In 1968, al-Hassan was elected to the Palestine Liberation Organization Executive Committee (PLO-EC) after Fatah took control of the Palestine Liberation Organization (PLO) in 1968. Early that year, al-Hassan persuaded Saudi King Faisal to enforce the "liberation tax" which required Palestinians in that country to pay a percentage of their income to the PLO. This, in turn, supplied the PLO with 60 million riyal yearly. Also, in that year, he spoke to the Egyptian Foreign Minister Mahmoud Riyad and Mohammad Hassanein Heykal on behalf of Gamal Abdel Nasser in order to familiarize him with Fatah and its armed branch al-Assifa.

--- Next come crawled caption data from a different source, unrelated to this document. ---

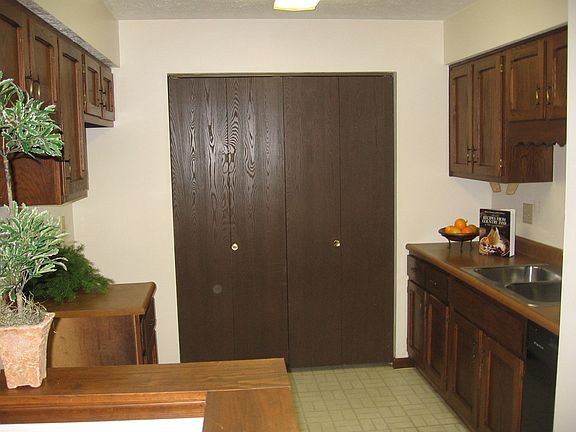 Kitchen w/Laundry Clst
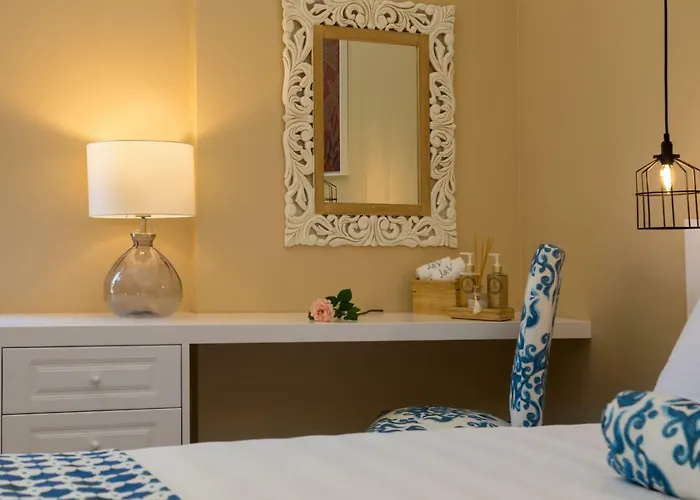 J&v Luxury Апартаменты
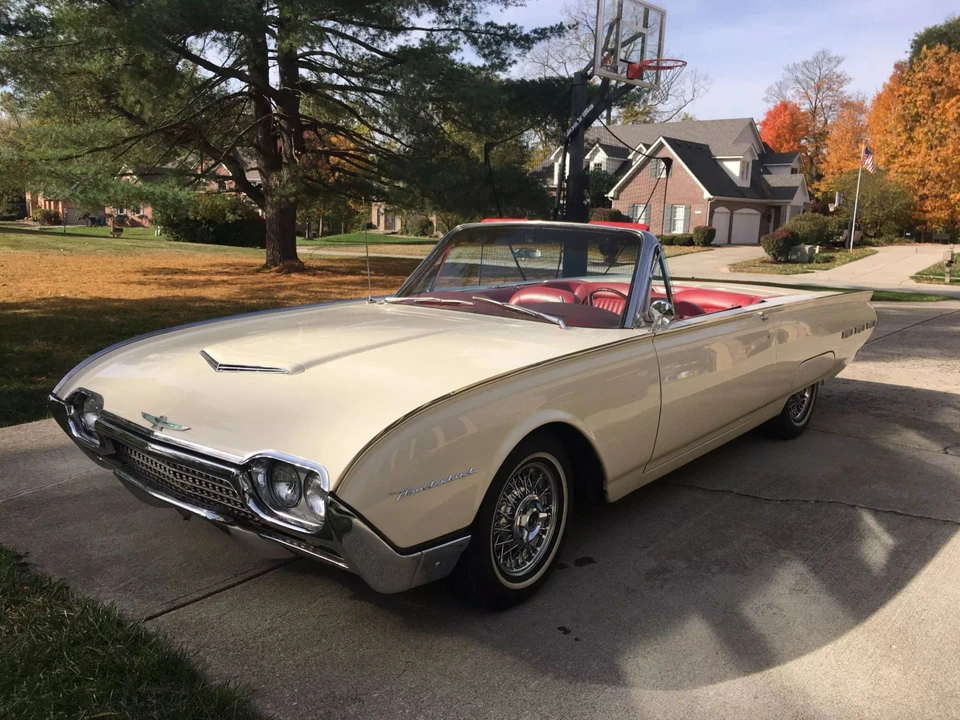 1962 Ford Thunderbird 3rd Gen - Image 10 of 31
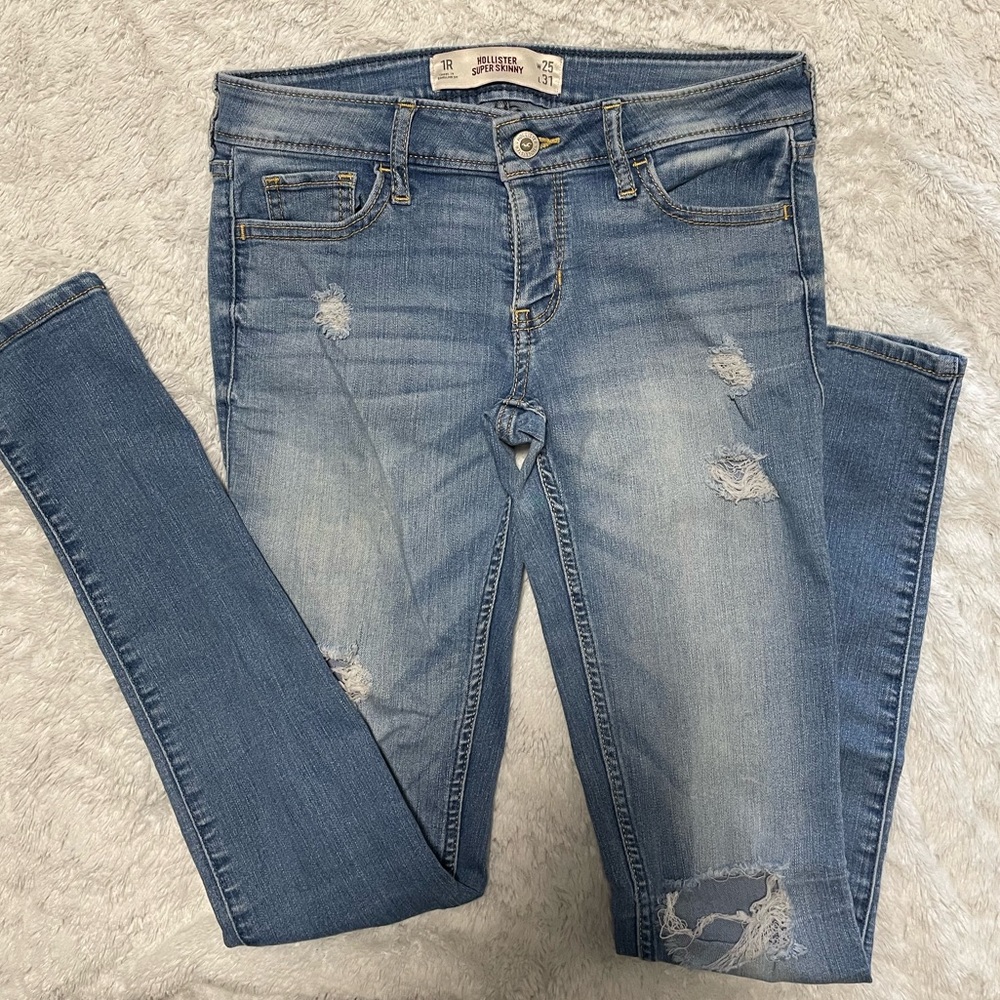 Hollister 5 Pocket Low Rise Ripped Medium Wash Super Skinny Jeans
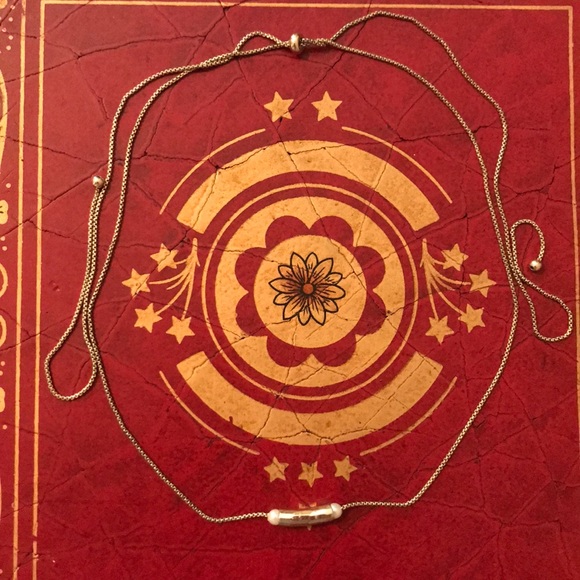 Adjustable necklace $15 - Picture 2 of 2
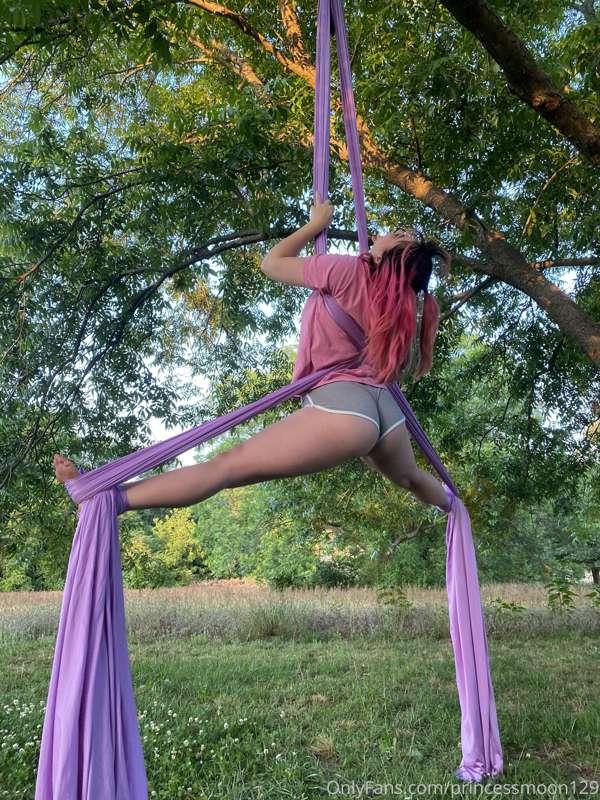 My paid site is only $3 🙈💖 @stonedmoon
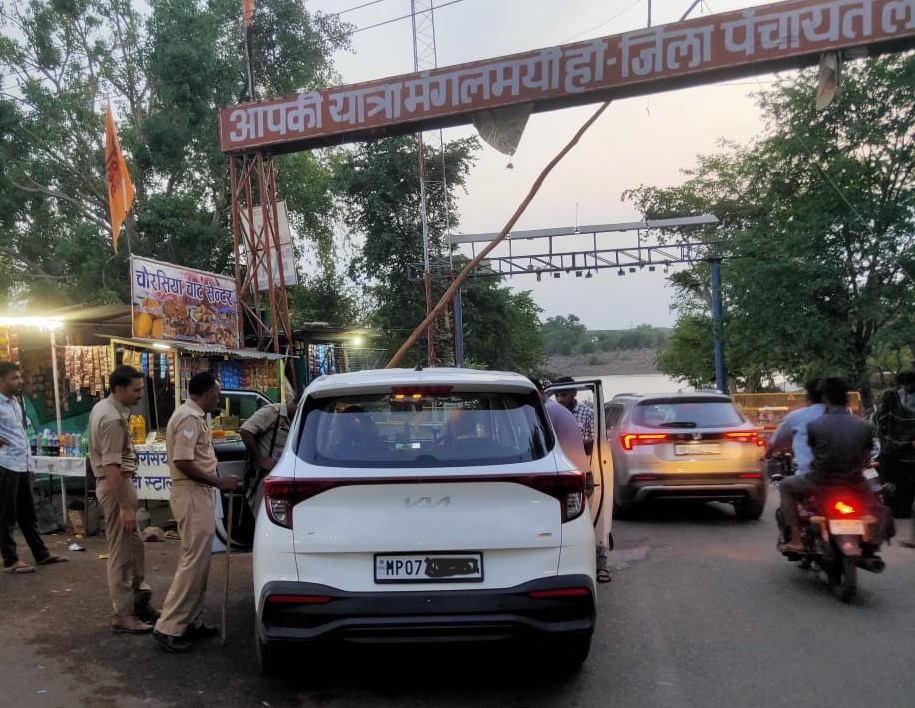 #SPLalitpur
@IPSMdMustaque के निर्देंशन में लोकसभा सामान्य निर्वाचन-2024 के दृष्टिगत थाना कोतवाली पुलिस द्वारा म0प्र0 सीमावर्ती  बार्डर पर सघन चेकिंग अभियान चलाकर संदिग्ध व्यक्तियो/वाहनों की चैकिंग की गयी।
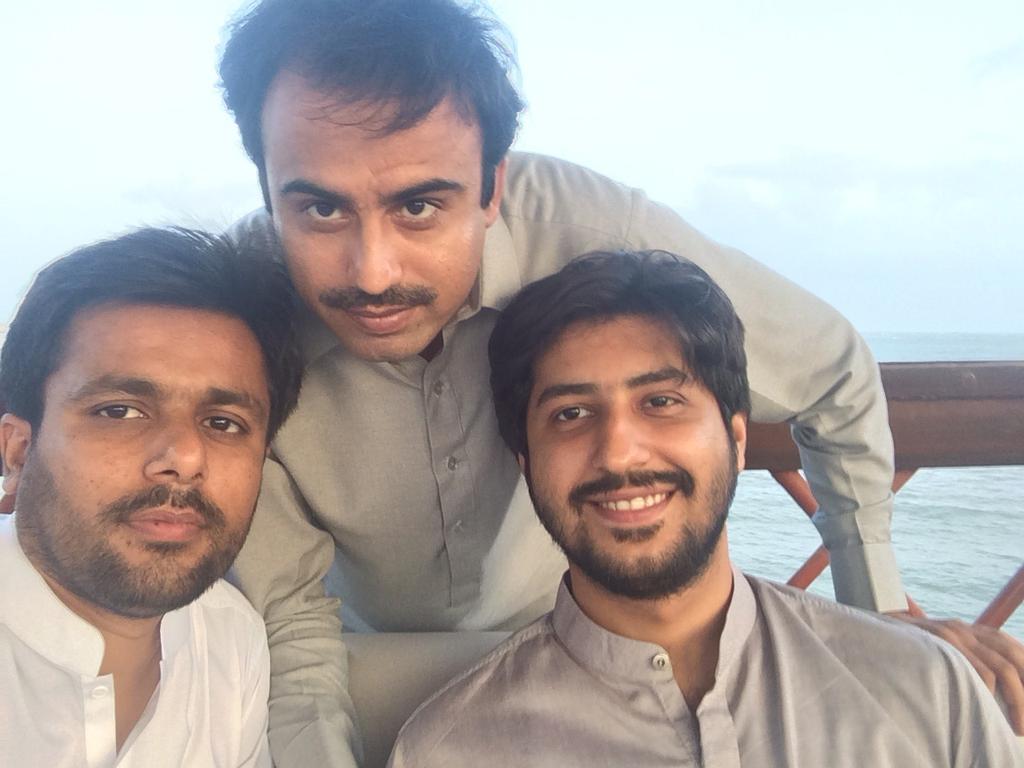 JavedNLaghari's tweet image. #Aftaar #Friends #Ramzan
With @arifqureshi123  &amp;amp; Amjad ali
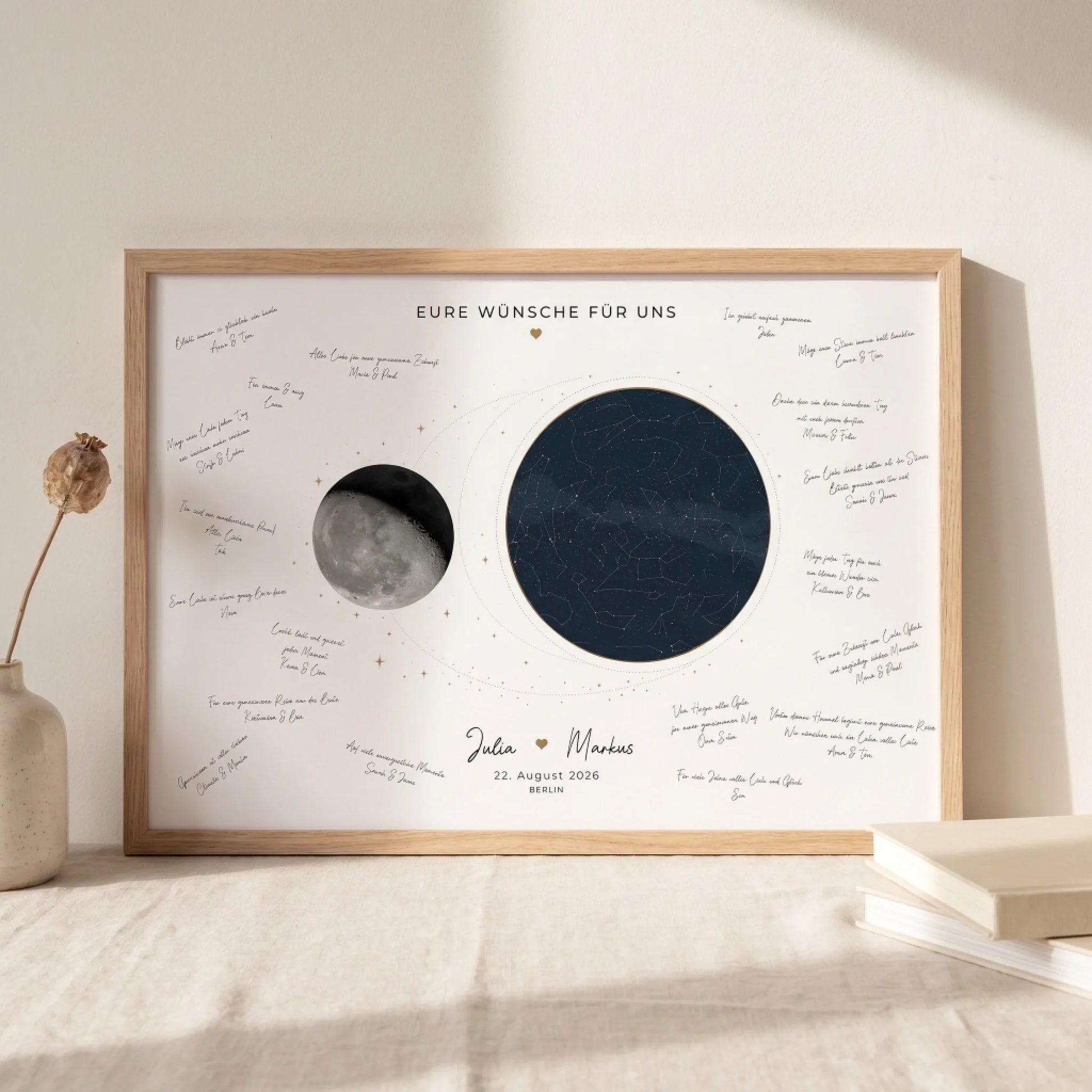 Personalisierte Gästebücher mit handschriftlichen Grüßen in einem Holzrahmen, Mond und Sternenmotiv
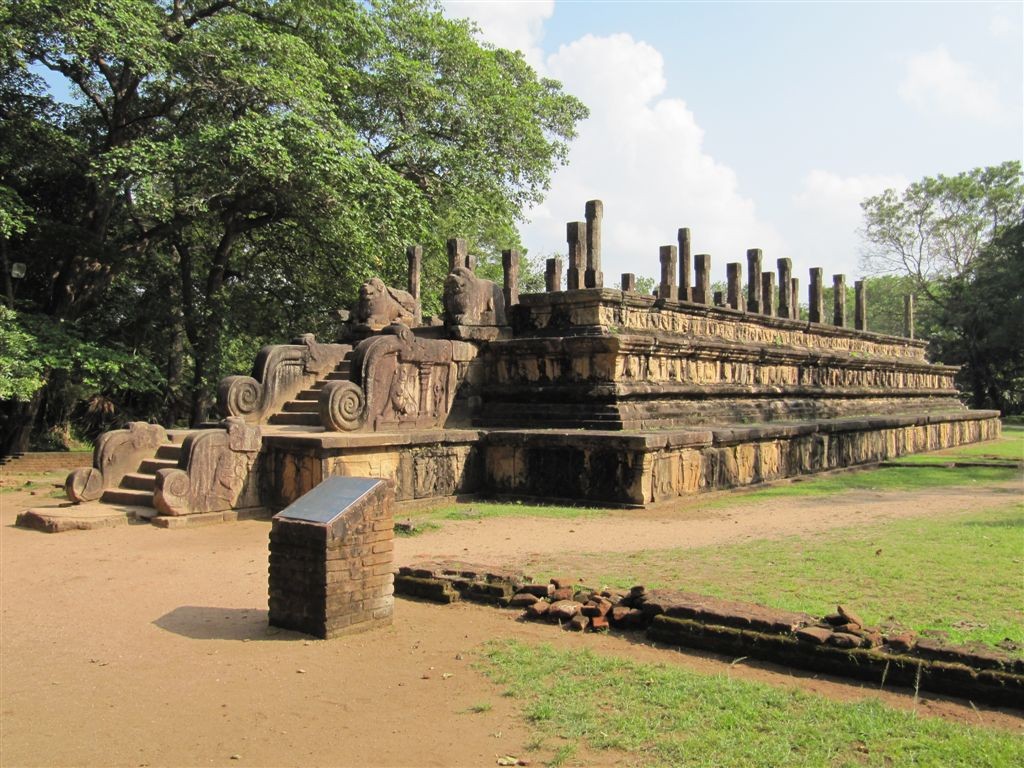 001 cite de polonnaruwa theredlist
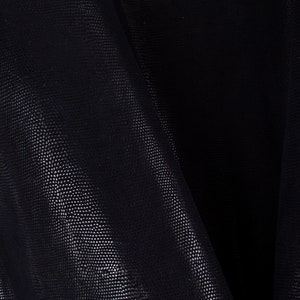 Iguana azul negra con destellos Estampado en relieve ITALIANO Piel de cordero piel de oveja piel de piel de napa (6+ pies cuadrados)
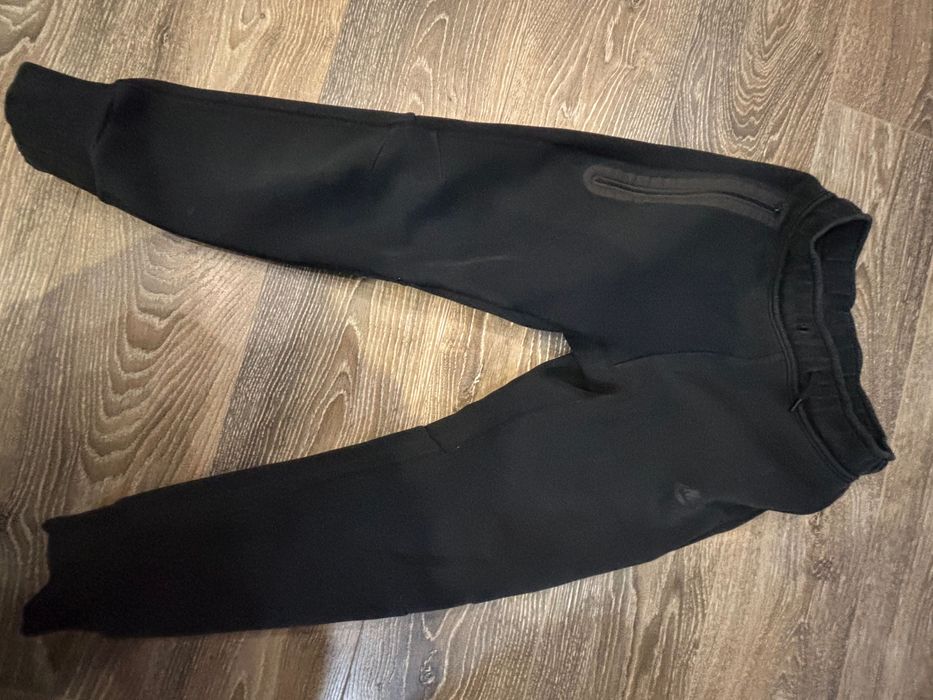 Nike Tech Fleece комплект Junior L (147-158 см) Оригинален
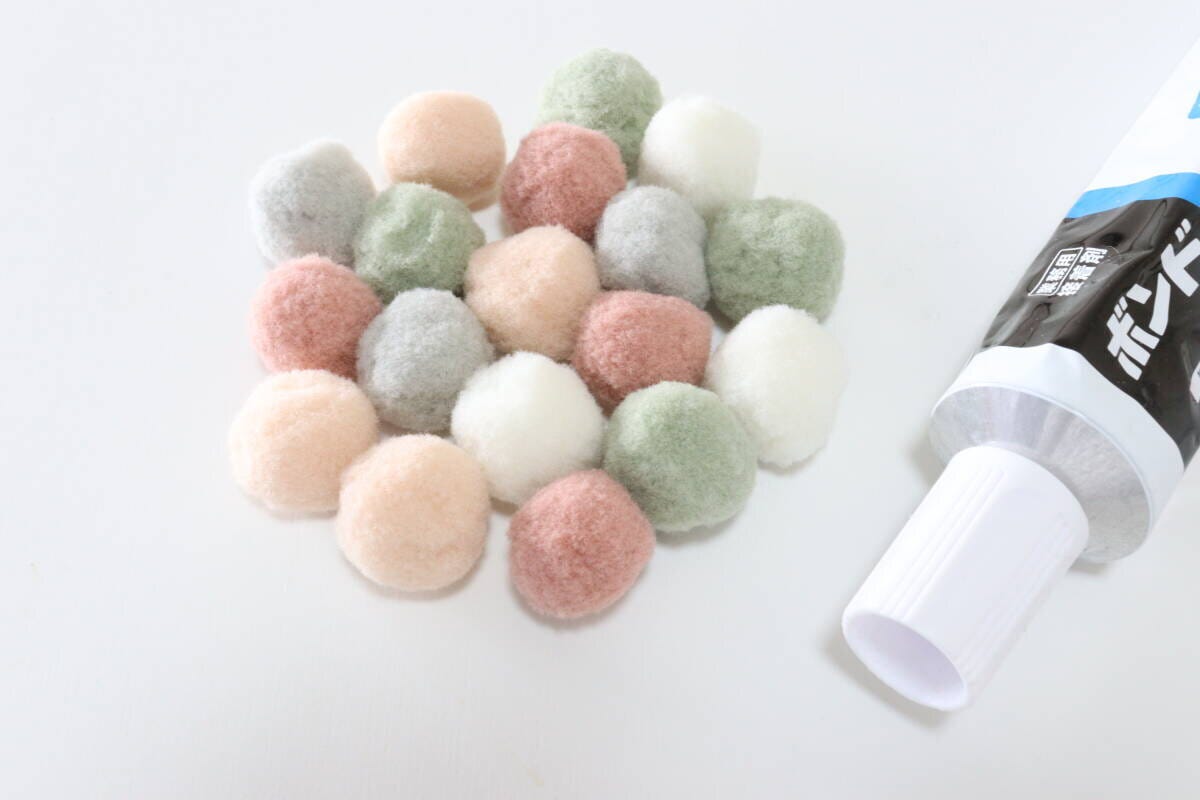 ダイソー　デコレーションボール　コースター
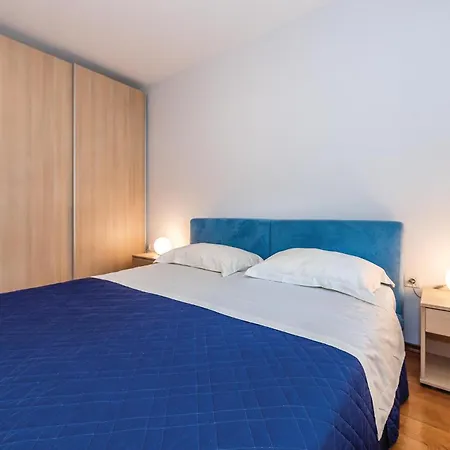 Five-bedroom In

From 1973, until his death, al-Hassan was chairman of the Foreign Relations Committee of the Palestinian National Council and was thus considered the first "foreign minister of the PLO". After the Yom Kippur War in 1973, he argued that the "Palestinian struggle" could continue with a state in the Palestinian territories occupied by Israel and he wrote up an unofficial five-point proposal in April–May 1980, advocating Israel’s withdrawal from the territories, the deployment of United Nations forces, and work on arrangements for the creation of a Palestinian state in the territories.

Later life and death

Al-Hassan called election of a Palestinian provisional government capable of ending the PLO’s isolation after the First Intifada in 1991. He settled in Rabat, Morocco that year after being expelled, along with hundreds of thousands of other Palestinians, from Kuwait during the Gulf War, in which the PLO aligned itself with Saddam Hussein's Iraq.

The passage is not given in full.